La mano de Will se dirigió lentamente al carcaj. Tan lentamente como para evitar que el animal que se movía entre los arbustos se sobresaltase. Extrajo una flecha y la situó en la cuerda del arco.
—¿Halt? —intentó mantener la voz baja pero no pudo evitar que le temblara un poco. Se preguntaba si su arco detendría un jabalí a la carga. Pensó que no lo haría.
Halt levantó la vista, se fijó en la flecha engarzada en la cuerda del arco de Will y notó la dirección en la que éste miraba.
—Espero que no estés pensando en dispararle al pobre viejo granjero que está escondido detrás de aquellos arbustos —dijo muy serio.
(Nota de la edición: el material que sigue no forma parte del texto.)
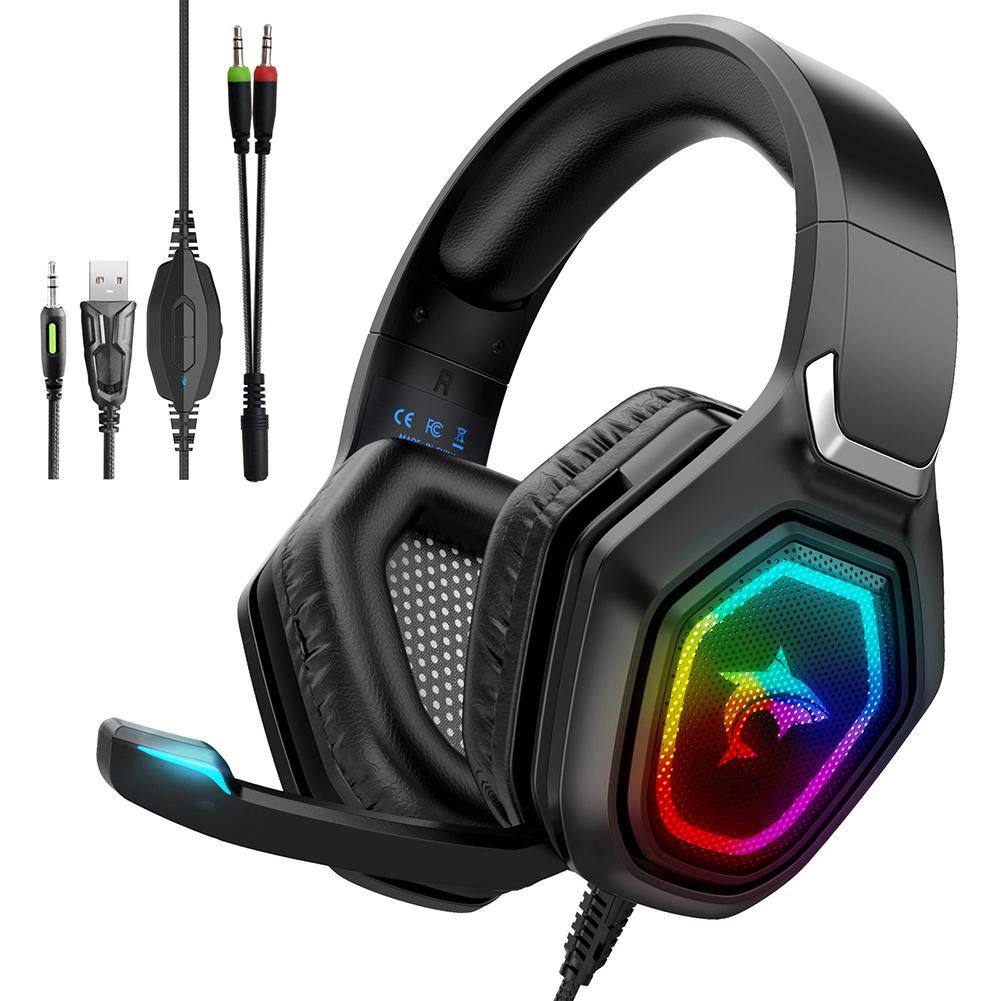 Có Dây 3.5Mm Tai Nghe Chơi Game Đèn RGB Máy Tính Máy Tính Game Thủ Trên Tai Tai Nghe Game Tai Nghe Bass Stereo Trên Đầu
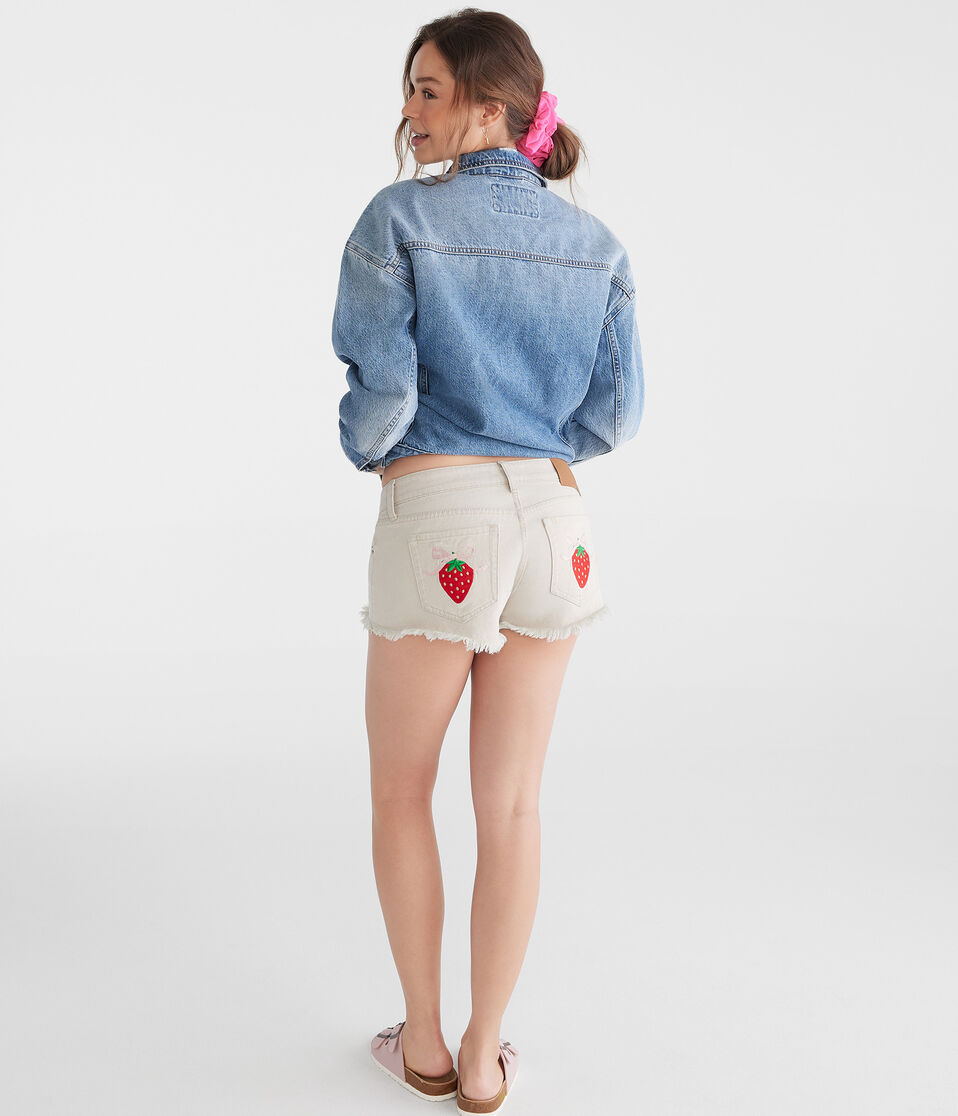 Aéropostale Vintage Low-Rise Denim Shorty Shorts Grey Wash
Sin embargo, había levantado la voz tanto que llegó de forma clara hasta el espeso macizo arbóreo del otro lado del camino.
Al instante, se produjo un movimiento rápido desde el arbusto y Will oyó una voz nerviosa que gritaba:
—¡No dispare, buen señor! ¡Por favor, no dispare! ¡Sólo soy yo!
Los arbustos se abrieron conforme un viejo asustado y despeinado se ponía en pie de forma apresurada y avanzaba corriendo. Su apuro fue su perdición, sin embargo, pues metió uno de sus pies en un enredo de maleza y se despatarró por la nieve. Se incorporó con torpeza, con las manos en alto y mostrando las palmas para que vieran que no portaba armas. Según venía, prosiguió con un sinfín de balbuceos:
—¡Sólo yo, señor! ¡No hace falta que dispare, señor! ¡Sólo yo, lo juro, y no soy un peligro para los que son como ustedes!
Avanzó deprisa hasta el centro del camino, sus ojos fijos en el arco en manos de Will y en la reluciente y afilada punta de la flecha. Lentamente, Will aflojó la tensión de la cuerda y bajó el arco según vio más de cerca al intruso. Era delgado en extremo. Vestido con un andrajoso y sucio blusón de granjero, tenía unos brazos y piernas largos y poco elegantes, y codos y rodillas huesudos. Su barba era gris y se estaba quedando calvo por la parte superior de la cabeza.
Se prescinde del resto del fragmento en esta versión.